Las familias están haciendo un esfuerzo por hacer ver a la sociedad esos vértices de la dispersión, esas realidades ocultas, o no suficientemente conocidas. Hay un mapa de la dispersión infantil, conocemos los nombres y edades de esos niños y niñas que cada fin de semana llevan su sonrisa a las cárceles. Y aunque la solución global a la cuestión de presos y presas se enmarque en otros parámetros, ello no debería ser obstáculo para que quienes en el discurso muestran su oposición a la dispersión actúen ya para acabar ya con este maltrato infantil.

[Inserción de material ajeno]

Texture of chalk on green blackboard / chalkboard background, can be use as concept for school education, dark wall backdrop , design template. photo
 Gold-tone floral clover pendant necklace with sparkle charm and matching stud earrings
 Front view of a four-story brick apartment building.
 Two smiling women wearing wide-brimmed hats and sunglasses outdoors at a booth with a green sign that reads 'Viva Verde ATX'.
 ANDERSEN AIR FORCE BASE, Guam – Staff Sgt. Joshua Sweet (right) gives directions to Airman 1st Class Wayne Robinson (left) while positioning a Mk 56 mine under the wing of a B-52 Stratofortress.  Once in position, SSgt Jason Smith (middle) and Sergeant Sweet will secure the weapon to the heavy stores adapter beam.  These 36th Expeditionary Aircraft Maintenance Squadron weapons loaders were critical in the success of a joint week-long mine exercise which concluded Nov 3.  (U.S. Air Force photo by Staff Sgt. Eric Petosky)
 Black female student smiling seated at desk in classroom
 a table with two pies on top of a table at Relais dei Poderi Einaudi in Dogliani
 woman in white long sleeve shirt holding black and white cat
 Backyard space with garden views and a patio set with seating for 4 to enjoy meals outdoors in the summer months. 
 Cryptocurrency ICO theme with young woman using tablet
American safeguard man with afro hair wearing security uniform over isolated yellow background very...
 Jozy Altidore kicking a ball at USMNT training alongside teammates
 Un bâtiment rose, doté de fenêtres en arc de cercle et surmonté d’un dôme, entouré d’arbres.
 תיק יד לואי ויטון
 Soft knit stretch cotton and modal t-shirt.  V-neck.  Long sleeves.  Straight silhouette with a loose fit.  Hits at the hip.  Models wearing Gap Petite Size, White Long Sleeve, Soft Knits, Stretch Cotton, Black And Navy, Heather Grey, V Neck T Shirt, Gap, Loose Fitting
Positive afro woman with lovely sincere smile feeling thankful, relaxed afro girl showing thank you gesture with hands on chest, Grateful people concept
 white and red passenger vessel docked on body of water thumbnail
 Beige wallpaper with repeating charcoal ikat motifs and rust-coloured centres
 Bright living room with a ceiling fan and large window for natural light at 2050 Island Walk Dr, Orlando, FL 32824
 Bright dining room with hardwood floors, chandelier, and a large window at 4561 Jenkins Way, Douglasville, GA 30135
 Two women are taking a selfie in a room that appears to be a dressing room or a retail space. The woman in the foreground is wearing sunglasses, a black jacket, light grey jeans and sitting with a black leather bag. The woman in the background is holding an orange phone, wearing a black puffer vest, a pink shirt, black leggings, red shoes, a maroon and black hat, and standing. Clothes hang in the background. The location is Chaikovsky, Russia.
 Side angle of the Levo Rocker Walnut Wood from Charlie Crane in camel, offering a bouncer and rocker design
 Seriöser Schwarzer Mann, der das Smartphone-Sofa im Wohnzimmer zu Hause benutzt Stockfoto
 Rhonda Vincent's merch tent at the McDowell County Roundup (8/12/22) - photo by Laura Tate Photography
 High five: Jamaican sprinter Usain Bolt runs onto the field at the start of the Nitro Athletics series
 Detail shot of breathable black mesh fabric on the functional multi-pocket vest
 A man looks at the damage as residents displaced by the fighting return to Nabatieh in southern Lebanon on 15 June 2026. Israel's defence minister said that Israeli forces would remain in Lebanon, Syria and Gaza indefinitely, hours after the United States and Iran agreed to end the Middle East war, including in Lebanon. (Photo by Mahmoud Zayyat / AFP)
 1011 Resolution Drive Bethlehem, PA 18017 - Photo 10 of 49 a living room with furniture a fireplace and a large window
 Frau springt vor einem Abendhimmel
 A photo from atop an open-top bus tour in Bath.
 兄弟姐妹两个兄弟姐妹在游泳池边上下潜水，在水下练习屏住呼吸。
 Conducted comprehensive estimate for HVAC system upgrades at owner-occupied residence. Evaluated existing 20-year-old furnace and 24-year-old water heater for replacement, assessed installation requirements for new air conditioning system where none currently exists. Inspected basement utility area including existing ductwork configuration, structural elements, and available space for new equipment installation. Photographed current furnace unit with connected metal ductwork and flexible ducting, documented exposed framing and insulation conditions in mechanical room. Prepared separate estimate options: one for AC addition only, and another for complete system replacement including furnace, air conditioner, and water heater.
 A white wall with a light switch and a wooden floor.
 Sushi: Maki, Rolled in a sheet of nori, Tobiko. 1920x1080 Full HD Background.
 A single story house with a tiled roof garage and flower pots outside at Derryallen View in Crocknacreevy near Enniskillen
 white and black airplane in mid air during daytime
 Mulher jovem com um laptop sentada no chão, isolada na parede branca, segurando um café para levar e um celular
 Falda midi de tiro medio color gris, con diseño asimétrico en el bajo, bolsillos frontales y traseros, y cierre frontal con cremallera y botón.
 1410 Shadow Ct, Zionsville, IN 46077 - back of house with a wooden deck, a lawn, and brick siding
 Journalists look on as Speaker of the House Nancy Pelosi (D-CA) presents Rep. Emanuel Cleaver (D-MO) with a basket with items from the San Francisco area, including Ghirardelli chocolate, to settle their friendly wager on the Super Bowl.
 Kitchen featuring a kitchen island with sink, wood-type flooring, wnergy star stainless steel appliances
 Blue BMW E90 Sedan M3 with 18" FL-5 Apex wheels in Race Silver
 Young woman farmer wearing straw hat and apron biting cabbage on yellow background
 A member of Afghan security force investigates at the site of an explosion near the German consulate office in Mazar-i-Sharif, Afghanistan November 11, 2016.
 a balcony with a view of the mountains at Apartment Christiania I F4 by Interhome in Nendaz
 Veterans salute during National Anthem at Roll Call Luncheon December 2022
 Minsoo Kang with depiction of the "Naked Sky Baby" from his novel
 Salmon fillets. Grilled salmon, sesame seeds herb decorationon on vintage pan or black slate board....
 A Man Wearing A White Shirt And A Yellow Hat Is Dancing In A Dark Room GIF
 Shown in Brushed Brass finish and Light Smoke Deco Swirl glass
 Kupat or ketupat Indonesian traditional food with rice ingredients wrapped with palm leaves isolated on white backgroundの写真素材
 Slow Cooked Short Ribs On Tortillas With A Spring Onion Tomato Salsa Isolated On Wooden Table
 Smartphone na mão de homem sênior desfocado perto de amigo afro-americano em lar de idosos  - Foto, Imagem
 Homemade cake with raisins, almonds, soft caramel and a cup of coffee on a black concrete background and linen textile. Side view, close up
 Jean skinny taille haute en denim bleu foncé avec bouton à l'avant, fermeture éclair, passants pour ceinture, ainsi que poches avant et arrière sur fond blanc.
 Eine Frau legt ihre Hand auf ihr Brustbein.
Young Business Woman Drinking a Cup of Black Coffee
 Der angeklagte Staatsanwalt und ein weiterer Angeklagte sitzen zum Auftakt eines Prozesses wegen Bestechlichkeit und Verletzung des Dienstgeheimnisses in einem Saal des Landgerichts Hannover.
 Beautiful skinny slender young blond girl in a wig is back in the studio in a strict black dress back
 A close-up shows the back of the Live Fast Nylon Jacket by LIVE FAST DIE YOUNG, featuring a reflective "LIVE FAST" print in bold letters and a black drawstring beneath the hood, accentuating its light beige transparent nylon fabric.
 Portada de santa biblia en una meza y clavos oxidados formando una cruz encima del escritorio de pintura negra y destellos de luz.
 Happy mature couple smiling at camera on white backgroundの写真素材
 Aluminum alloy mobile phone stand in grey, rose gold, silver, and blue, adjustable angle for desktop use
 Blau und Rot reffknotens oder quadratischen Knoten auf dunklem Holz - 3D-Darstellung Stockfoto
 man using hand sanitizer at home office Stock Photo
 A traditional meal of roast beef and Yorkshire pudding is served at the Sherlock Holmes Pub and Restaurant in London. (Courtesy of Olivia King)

Tal vez así quienes aun hoy se siguen mostrando insensibles y complacientes con la dispersión o condicionan su final, se sonrojen un poco al saber que Xare pide el pecho a su ama en el km. 400 y luego en el km. 800 camino de Algeciras; o que Lur llora cuando se baja en Sevilla al amanecer. O tal vez se avergüencen un poco si piensan que Amaiur, que desde que nació viajó a Madrid, y luego a Córdoba, cinco años después del final de la lucha armada, cuando va a cumplir 13, sigue viajando a Castellón; que otra Lur pregunta por qué los «gizon grisak» tienen a su aita tan lejos, en Granada, o que acaba de nacer Luken, que con su hermano Axel, si no lo evitamos, pronto tendrá que sufrir la dispersión para llevarle una sonrisa a su aita, que ahora está a 800 km. A no ser que consigamos que la vergüenza y el sonrojo  sean de tal envergadura que no la soporten ni ellos y consigamos así que Xare, Lur, Luken, Axel, Ibai, Haizea, Iker, Jone… sonrían en casa.